玄奘が悟空と一緒に故郷に戻ってから、穏やかな時間が流れていた。
『働く気がない』などと困ったことを言っていた悟空も、寺院のあまりの貧窮ぶりが見るに堪えなかったのか趣味の薬作りを生かして、意外にも薬師として寺院の家計を支えてくれていた。
近隣の村では薬草に対して悟空より優れた専門的知識を持つ者もいない為、かなり有難がられている。

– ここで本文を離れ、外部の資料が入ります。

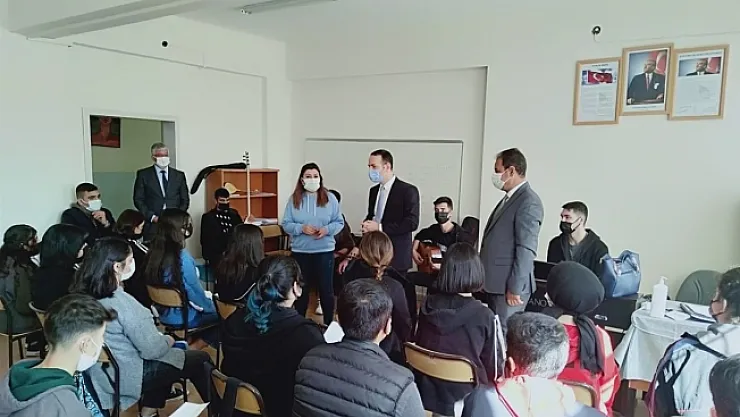 Yeşilyurt'ta liseye covid 19 denetimi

薬の代金とは別にお礼だと言って、一緒に農作物等を持ってきてくれる人もいた。
常にお腹を空かせていると言っても過言ではない程、育ち盛りの子供達がいる孤児院にとっては有難いことだった。
(本当に悟空という存在は、私に幸せ以上の物を与えてくれますね・・・)
玄奘は寺院の庭を掃きながら、目を瞑って感謝の祈りを捧げる。
「さて・・・と。掃き掃除が終わったら、次はお正月の準備の続きですね」
天竺で何とか無事に経典を解放した後、悟空と二人でこの寺院に帰って来てから初めての正月を迎えようとしていた。

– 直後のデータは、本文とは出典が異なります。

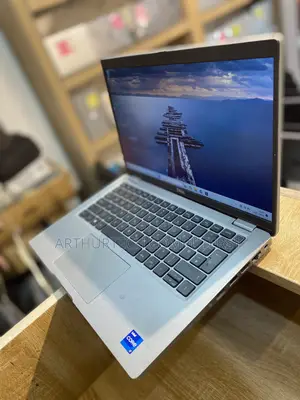 Laptop Dell Latitude 5320 16GB Intel Core i7 SSD 256GB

普段は少々寂しいこの寺院も、流石に正月ともなれば近所の人達がお参りに訪れる為、にわかに賑やかになる。
近年は年老いた和尚に代わり、寺院の正月用の飾り付け等は玄奘が子供達と協力して進めていた。
(面倒くさがりの悟空は手伝ってはくれないでしょうし・・・)
自分や子供達だけでは大変な所もあり、正直、男手があるに越したことはないのだが、あの悟空に頼るくらいなら最初から自分がやった方が早いかもしれない。

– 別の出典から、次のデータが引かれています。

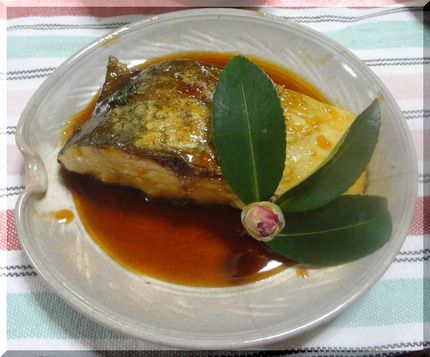 ＊ハマチの照り焼き わたしは鍋...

それに、そういう雑事をさせる為に、悟空に寺院にいて欲しい訳ではない。
(私だけでも充分に出来る事ですし。悟空には薬草作りや趣味の実験に専念させてあげましょう)
玄奘は箒を片付けると、次は仏像が置かれているお堂の拭き掃除に入ることにした。
* * *
お堂の掃除の難儀な所は、天井が高いことである。
「・・・玄奘先生、大丈夫?」
高い場所に置かれている物を雑巾で拭こうと椅子を二脚重ねてその上に乗っている玄奘を心配して、子供達の中では比較的年長の男の子が声を掛けてくる。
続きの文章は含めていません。